As director of the school system's supply and property management section, Nelson supervised the summertime transfer of 138,000 books, furniture and equipment, as well as countless files and instructional materials, from 19 schools closed by the board of education for the 1982-83 school year.
Just yesterday, workmen finished painting Rosemary Hills Elementary School, which the board had sought to close this year, while others in Nelson's section refurbished the county's last two-room school house, which despite a continued decline in enrollment countywide is being pressed into service because of growth upcounty.
The continued decline in enrollment, combined with school closures, has meant an unprecedented shift of 3,600 students and 1,400 school employes to new buildings.
"We are still trying to get out from under it," Nelson said yesterday, adding that he had to hire 40 summer workers to finish the task. "We had gathered 20,000 old boxes by June to move the stuff . . . that left us about 8,000 boxes short."
Enrollment projections in the nation's 20th largest school system show a decline of 3,419 students, to 92,168, compared to the system's all-time high of 126,311 a decade ago.
But because of changes in its attendance boundaries, Clarksburg Elementary faces a unique problem: too many students. So 40 Clarksburg sixth graders will be taught in the adjacent two-room, wooden structure that was built in 1909 and is the county's oldest school. It has been refurbished with its original, turn-of-the-century motif. "I think this is a great idea . . . something no other school in the county has," said principal Robert T. Stevens.
As the result of the unprecedented decision by the state board of education to overrule a closure by a county board, Rosemary Hills, long a symbol of voluntary integration efforts in the county, will remain open.
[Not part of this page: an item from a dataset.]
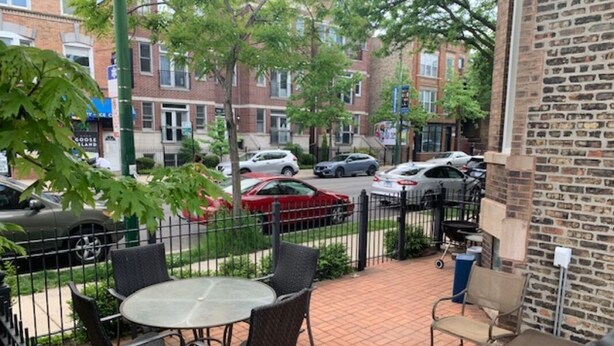Un patio con mobiliario exterior y vistas a coches aparcados y edificios al fondo.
Instead of the kindergarten-through-grade two pattern of recent years, it will house grades K-6, adding to it students previously enrolled in an ability-grouped magnet program at North Chevy Chase, which has been closed instead.
"We're ready," said Principal Richard O'Donnell, scoffing at suggestions that the hastily conceived arrangement won't work. "We have the creme-de-la-creme of both staff's and I don't see any problems."
The county board is appealing the state's reversal of the Rosemary Hills closure and boundary changes at Montgomery Blair High and Eastern Intermediate, but board president Eleanor Zappone said even if the county's wins in circuit court next month, there will be no attempt to move students before next fall.
A number of instructional changes will be in place for today's openings.
A revised high school English curriculum places more stress on writing skills; a new health education curriculum, minus a controversial plan to teach contraception to eighth graders, will teach cardiopulmonary resuscitation to all ninth grade students, and 10 of the 22 high schools will move from six to seven-period days, which budget director Ken Hill said will give students greater flexibility in course selection.
Hill said average class size in elementary schools will be reduced from 26 to 25 students because of lower enrollment and the addition of 18 new teacher positions.
Students will find a greater emphasis on computer related instruction, in an effort to match the growing demands for high technology jobs.
"Last year 45 of the 105 elementary schools did not have access to a computer," said program coordinator Beverly Sangston. "Now we will have a computer for every 200 students and give them 4.5 hours of instruction." The system will also test a plan to use microcomputers to manage the kindergarten through eighth grade math programs.
Because the number of foreign students has nearly doubled in the last four years, a fourth intensive English language center has been installed at Richard Montgomery High in Rockville.
Also implemented this fall will be the school system's new kindergarten to eighth grade policy, which has been criticized by some as a set of regulations that will stifle the creativity of teachers. A spokesman for program development and instruction says the policy is really a clarification of unspoken guidelines. Part of the policy requires homework assignments three to five times a week. Another stresses the need for pre-reading and math instruction in kindergarten.